Jade used in ceremony could be further divided into two categories: ritual objects and ceremonial service objects. The six traditional ritual objects are Bi， Cong， Gui， Zhang， Hu， and Huang. These have long been considered to be a means of communication between human and God.Thus， it was indispensable on occasions of sacrifice. Ritual jades were also considered to be the symbol of royal power favored by God and used in cases of meeting the king， appointment， treatment of diplomatic relations， and taking an oath indicating that all these were done in name of God. The ceremonial service objects include Yue， Fu， Ge， Qi， Dao， mostly transformed from practical weapons， and were used for royal and aristocrat ceremonial activities to enhance sacred atmosphere.
Such functions of these ritual objects started in the late prehistoric times， prevailed during the Shang and Zhou Dynasties， and declined in the Spring and Autumn Period.

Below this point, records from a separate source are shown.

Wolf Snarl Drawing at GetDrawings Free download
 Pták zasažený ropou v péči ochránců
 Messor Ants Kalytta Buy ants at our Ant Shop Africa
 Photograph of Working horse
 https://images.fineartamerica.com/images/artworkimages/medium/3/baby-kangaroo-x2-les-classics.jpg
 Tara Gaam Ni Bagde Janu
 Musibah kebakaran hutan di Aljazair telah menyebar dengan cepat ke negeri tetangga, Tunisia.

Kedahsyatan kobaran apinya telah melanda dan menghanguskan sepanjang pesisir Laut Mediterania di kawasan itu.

The original use of jade was for personal pendent. One started to use natural jade stone to glorify personal adornment as early as the prehistoric times. Later on crafted jades appeared in high quality. It was in the Western Zhou Dynasty when jades were normally used to indicate one’s status. The different uses of pendent jades such as their configuration and combination and hanging methods and placements vary according to different status of owners as well as to practices of moral and ethical significance.
Jade used for funerals was intended to protect dead by providing special jade suits including facial covers， mouth—insertion and hand—insertion， etc. because people believe that jade could prevent the remains from being decayed. This custom began in the Neolithic or New Stone Age. The burial jade first appeared in the Western Zhou and prevailed during the periods from the Spring and Autumn Period to the Han Dynasty. Hereafter， although jades were used as burial goods while special function of burial jades no long existed.
Given glittering and translucent nature， jades were easy to be carved into various objects to decorate house furniture and the like in later dynastic periods. One always enjoyed watching the festive and propitious ornament design and exquisite carving craft attained by jades. The display of these jades， of course， may indicate the owner’s wealth and decentness. Therefore， the jades are not only to be shown off， but also for appraisals and collection by their owners.
Since the East Han Dynasty， Jade in China started to leave behind its mystery and entered into people’s daily life. It became increasingly ordinary and reached the peak of consumption during the Ming and Qing Dynasties. People in upper class used it to show off. It not only enriched their lives by adding special tastes and flavors， but meanwhile reflected their appreciation of art.